2. Connect with your child’s reading and homework
Teachers know which parents are reading with their kids and supporting homework in productive ways. One of the greatest gifts you can give your children (and their teachers) is reading to, with or in front of them throughout their early school years. Finding just 15 minutes to read every day influences your child in many ways. Reading the class newsletter or website helps you reinforce at home what your kids are learning at school. Make sure homework is done, but don’t do it yourself or correct it. Homework helps teachers identify which kids understand the material and which need a reteach.
3. Communicate effectively
Everything you write or say to your child’s teacher either strengthens or weakens the bridge you’re building. How you communicate with teachers also plays a big role in whether your concerns are heard - and how quickly they are addressed. Use my Power of P3 to keep messages focused and productive. Start out on a Positive note whether you’re communicating via note, email, phone or in person. Be Professional (polite and respectful in your observations and feelings) and Persistent when needed. Discuss issues on the phone or in parent-teacher conferences, not via email. And never go over the teacher’s head without letting him or her know you plan to do so. It’s not always easy to follow P3, especially if you feel frustrated about your child’s situation. But when blame and accusations seep into your communication, teachers will defend their actions rather than respond to your concerns.
4. Say “thank you” in words and actions
With higher curriculum standards, new teacher evaluations and endless testing, teachers are under a lot of pressure today.
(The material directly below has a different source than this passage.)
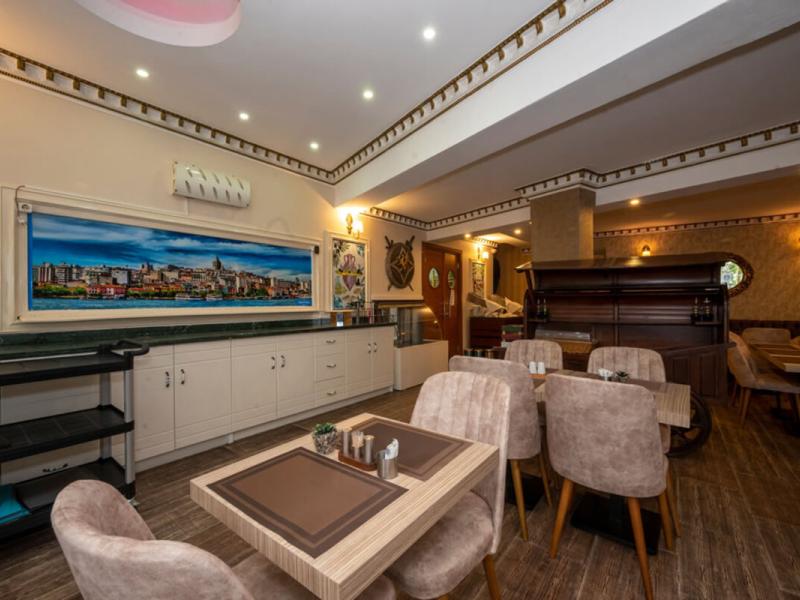 Fuat Bey Palace Hotel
Acknowledge and support their efforts by sending a thank-you note or saying thanks when you see them. Even better, have your child write a thank-you note. If you can, send in materials when teachers ask for them. Most teachers spend their own money on classroom supplies and appreciate whatever help parents can give.
Showing up for conferences and volunteering in the classroom are important, but need to be combined with the above to build a positive relationship with your child’s teacher.